Worthiness

A reflection on risking life and limb for a worthy though brief experience.

You can view the safety talk in full here: https://youtu.be/flXPVLRr2gE

One challenge with parkour is that we are so in control of our decisions. There is no other player, no moving ball. Yes the environment can fail but if we’ve done our homework then it is us measuring ourselves, as a practice, against our perception of ourselves.

This is a challenge because it can teach us that there really is no where outside of ourselves to point the blame, and when it comes to dire consequence, it can be much harder to say an accident happened. Maybe it was a miscalculation, a lapse of judgment, a fail to adequately prepare. It can be a gift to truly believe something was out of your control.

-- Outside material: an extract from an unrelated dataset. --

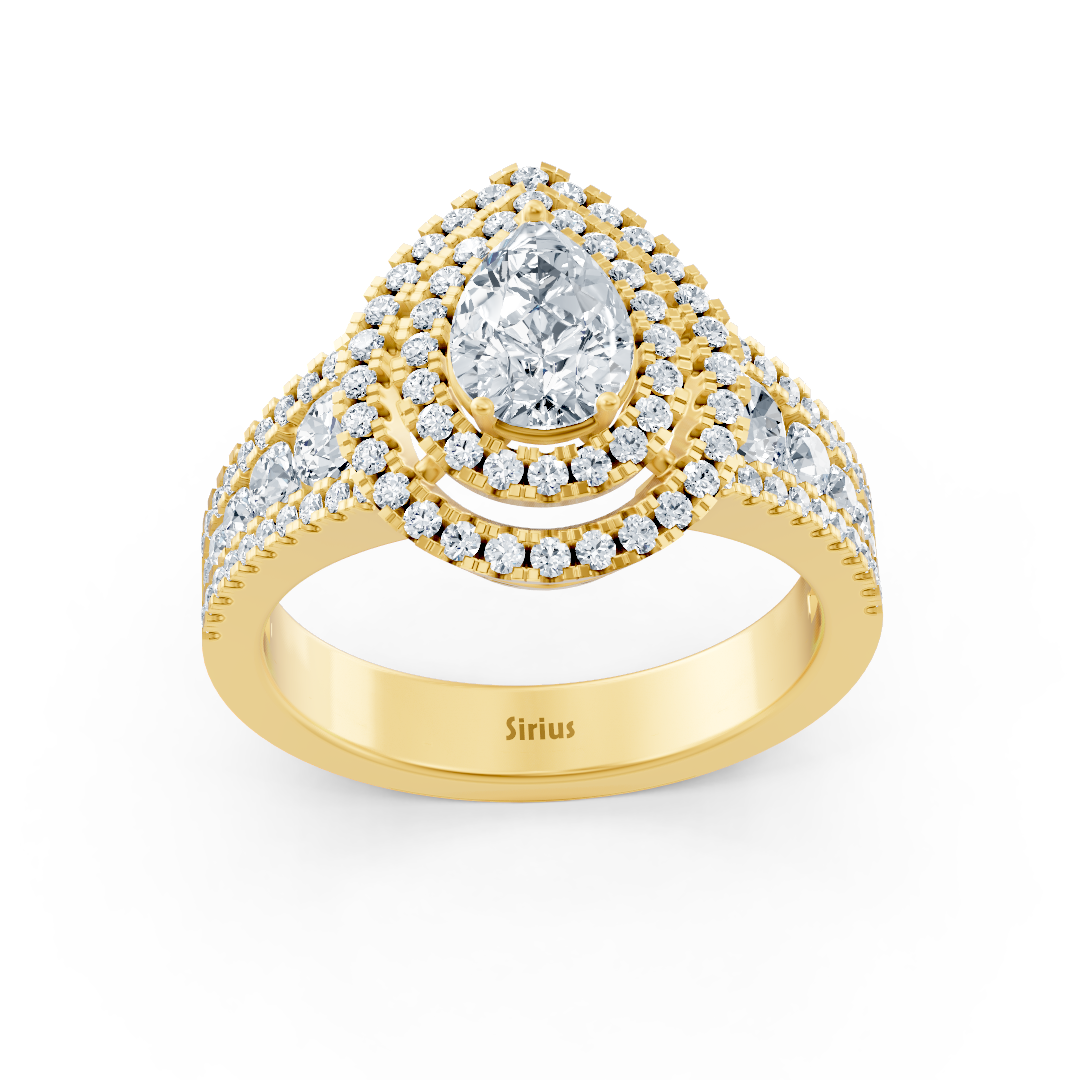 Radiant yellow gold ring with white topaz and lab-grown diamonds in pear cut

Most injuries in parkour are to the lower extremities within the first two years of training.

It’s a terrible thing to say that it can be very hard to learn physical humility without some scrapes and bruises. I don’t like the idea that we must get hurt to learn, and yet I’ve noticed recently I am more afraid for someone when I watch someone excel without ever having had an injury.

I would never wish harm and it feels cruel to honor pain as a “good” teacher. At the same time as the jumps and the consequences get bigger there is a sense that I would like someone’s first bad bail to happen sooner rather than later. This is the hardest line of thought to reconcile - and it’s far from that for me. Along with having low injury rates, we are teaching people how to fall without getting hurt, how can we learn how to fall and recover like the wild animals that we are? In that way the lesson I must teach feels at odds with the lesson that we all must learn - something about not being made of glass, but also not being made of stone. We are resilient through and vulnerable to our practice.

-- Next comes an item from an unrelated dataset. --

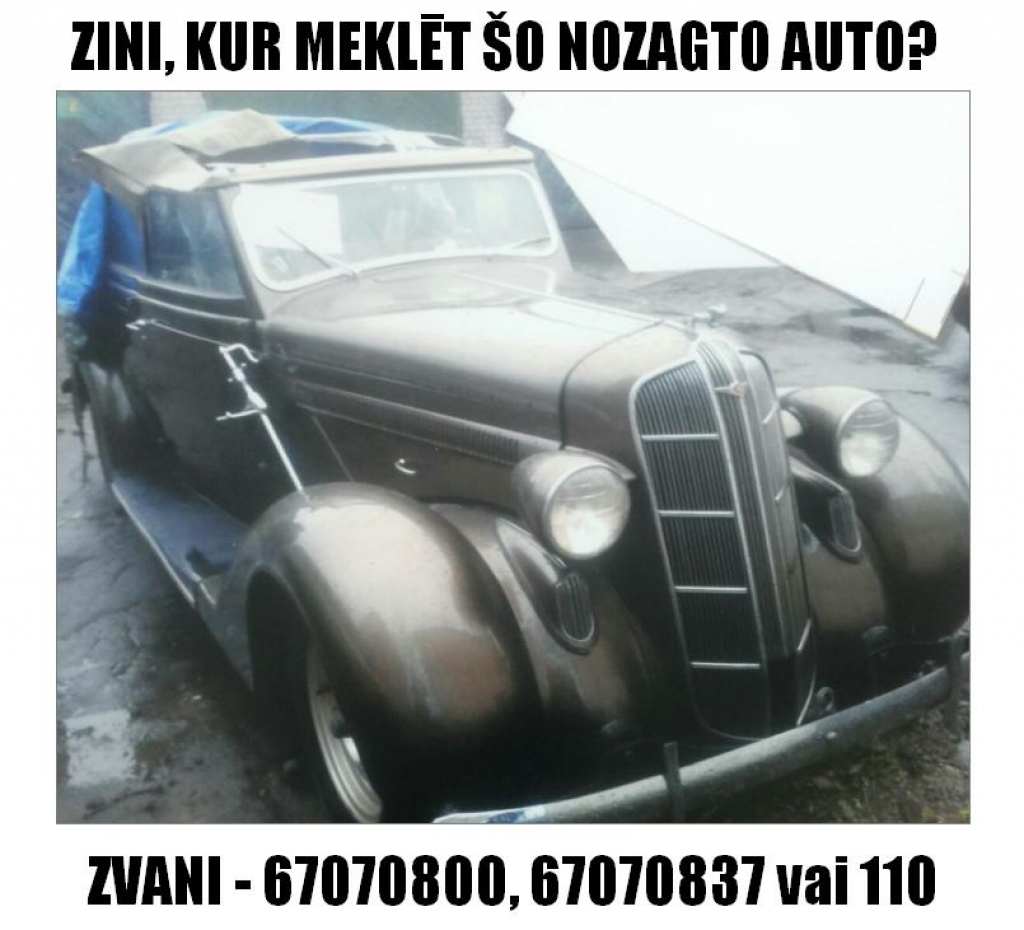 VP meklē nozagtu retro automašīnu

So my first nit is that I know very few people who have gotten seriously hurt - but I do know two who’ve died as a result of their practice - it might happen to be the only two in the states since the emergence of parkour. If that’s not true I don’t know if any others. Even for death I don’t know where we compare exactly to lacrosse or football - both topping 1/100,000/year.

I’m also hung up because a team member was actually not pleased that I called the meeting without discussing it with them first. I brought it up to them but they took it as unilateral - so in that sense I’m running the simulation on what happened and trying to figure that out. I have only otherwise received positive feedback from attendees, friends, and team members.

We had a life-threatening injury on the roof at the event - it felt necessary to me to address it - it felt negligent to ignore it or sweep it under the rug. At the same time I knew that telling this group of people. to do something different in their training is probably something close to a cardinal sin.

So I reflected on what kept me and keeps me safe, and I did my best to speak directly from my experience on it.

I was and am also struck by just how close we were to having a light go out at this event. Remembering the night before how upset I got, how uncontrollable it all felt, and how people telling me it was all right, she was alright, it was not my fault, there was nothing I could do except exactly what I did how I did when I did. Those words were meant to calm and support me yet in the end they left me feeling unsupported and afraid.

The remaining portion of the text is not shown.